Split string on [:punct:] except for underscore in R

623 views Asked by At

I have an equation as a string where the variables in the string equation are variables in the R workspace. I would like to replace each variable with its numeric value in the R workspace. This is easy enough when the variable names don't contain punctuation.

Here is a simple example.

x <- 5
y <- 10
yy <- 15
z <- x*(y + yy)
zAsChar <- "z=x*(y+yy)"
vars <- unlist(strsplit(zAsChar, "[[:punct:]]"))
notVars <- unlist(strsplit(zAsChar, "[^[:punct:]]"))
varsValues <- sapply(vars[vars != ""], FUN=function(aaa) get(aaa))
notVarsValues <- notVars[notVars != ""]
paste(paste0(varsValues, notVarsValues), collapse="")

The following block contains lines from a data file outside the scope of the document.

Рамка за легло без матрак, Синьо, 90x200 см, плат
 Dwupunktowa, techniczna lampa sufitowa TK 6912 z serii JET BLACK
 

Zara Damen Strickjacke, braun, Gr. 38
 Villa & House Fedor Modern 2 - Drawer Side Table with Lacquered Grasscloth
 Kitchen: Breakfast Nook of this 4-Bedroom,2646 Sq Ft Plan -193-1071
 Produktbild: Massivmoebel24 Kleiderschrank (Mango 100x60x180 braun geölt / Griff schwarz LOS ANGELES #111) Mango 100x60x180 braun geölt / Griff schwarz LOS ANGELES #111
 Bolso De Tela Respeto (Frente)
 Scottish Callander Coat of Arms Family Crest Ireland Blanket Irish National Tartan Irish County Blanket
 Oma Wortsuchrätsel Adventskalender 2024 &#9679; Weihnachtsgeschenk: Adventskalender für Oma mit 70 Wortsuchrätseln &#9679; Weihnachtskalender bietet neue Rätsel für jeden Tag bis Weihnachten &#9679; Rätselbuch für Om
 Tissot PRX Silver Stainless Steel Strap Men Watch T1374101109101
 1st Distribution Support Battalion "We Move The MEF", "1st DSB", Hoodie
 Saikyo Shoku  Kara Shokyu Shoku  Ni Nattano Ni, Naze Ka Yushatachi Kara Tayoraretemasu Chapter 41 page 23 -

This yields "125=5*(10+15)", which is great.

However, I would love the option to use underscores in the variable names so that I can use "subscripts" for variable names. I am using these strings in math mode in R markdown.

So I need a [:punct:] that excludes _. I tried using [\\+\\-\\*\\/\\(\\)\\=] rather than [:punct:], but with this approach I couldn't split on the minus sign. Is there a way to preserve the _?

2

There are 2 answers

1
Casimir et Hippolyte On

Instead of [:punct:] use the unicode character class \pP (shortcut for \p{P}) and its negation \PP to do that:

[^\\PP_]

(It works with perl=TRUE option)

1
MrFlick On

Are you sure you need to do all this string manipulation? The substitute() function can help you out

substitute(z==x*(y+yy), list(x=x, y=y, yy=yy,z=z))

Or if you really need to start with a character value

do.call("substitute", list(parse(text=zAsChar)[[1]],list(x=x, y=y, yy=yy,z=z)))
# 125 = 5 * (10 + 15)

You can deparse() the result to turn it back into a character.